──────── Given data ────────

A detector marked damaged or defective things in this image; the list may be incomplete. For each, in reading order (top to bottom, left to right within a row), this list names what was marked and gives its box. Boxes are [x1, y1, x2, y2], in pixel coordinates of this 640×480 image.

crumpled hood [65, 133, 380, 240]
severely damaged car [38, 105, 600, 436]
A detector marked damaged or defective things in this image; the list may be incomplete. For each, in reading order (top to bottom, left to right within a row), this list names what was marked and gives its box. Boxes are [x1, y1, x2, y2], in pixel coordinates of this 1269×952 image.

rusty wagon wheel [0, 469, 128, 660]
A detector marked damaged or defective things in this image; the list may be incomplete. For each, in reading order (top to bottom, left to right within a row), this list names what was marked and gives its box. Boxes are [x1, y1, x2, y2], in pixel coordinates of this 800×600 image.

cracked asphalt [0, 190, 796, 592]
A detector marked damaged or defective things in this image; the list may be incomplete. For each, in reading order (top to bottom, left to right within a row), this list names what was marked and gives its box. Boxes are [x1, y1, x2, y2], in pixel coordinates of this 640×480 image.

────────

* **Work task**
From the line containing "this 1269×952 image." down to the last line of the data, transcribe every line exactly; nothing else should appear.

* **Answer to this exercise**
A detector marked damaged or defective things in this image; the list may be incomplete. For each, in reading order (top to bottom, left to right within a row), this list names what was marked and gives its box. Boxes are [x1, y1, x2, y2], in pixel coordinates of this 1269×952 image.

rusty wagon wheel [0, 469, 128, 660]
A detector marked damaged or defective things in this image; the list may be incomplete. For each, in reading order (top to bottom, left to right within a row), this list names what was marked and gives its box. Boxes are [x1, y1, x2, y2], in pixel coordinates of this 800×600 image.

cracked asphalt [0, 190, 796, 592]
A detector marked damaged or defective things in this image; the list may be incomplete. For each, in reading order (top to bottom, left to right within a row), this list names what was marked and gives its box. Boxes are [x1, y1, x2, y2], in pixel coordinates of this 640×480 image.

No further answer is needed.